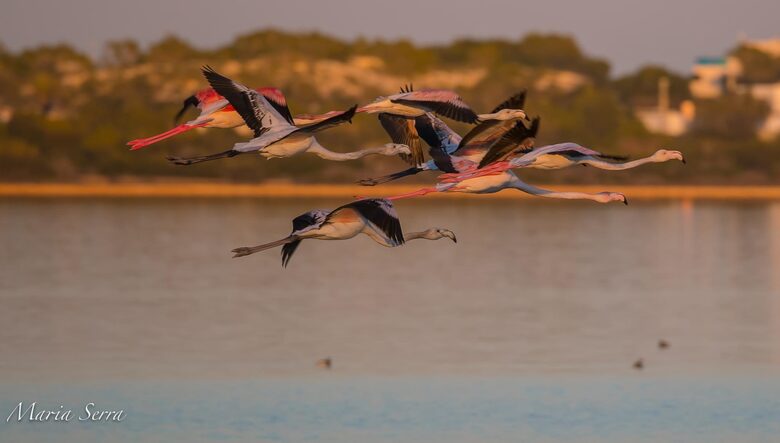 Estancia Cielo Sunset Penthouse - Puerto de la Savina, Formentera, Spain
...
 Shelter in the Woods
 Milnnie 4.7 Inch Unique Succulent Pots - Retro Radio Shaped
--
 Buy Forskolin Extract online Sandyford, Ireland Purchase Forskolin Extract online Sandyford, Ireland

» **Your instructions**: Keeping every character as it is, restate the lines above that run from the line with "Shelter in the Woods" through the line with "Milnnie 4.7 Inch", both included, and nothing else.

» **Answer space**:
 Shelter in the Woods
 Milnnie 4.7 Inch Unique Succulent Pots - Retro Radio Shaped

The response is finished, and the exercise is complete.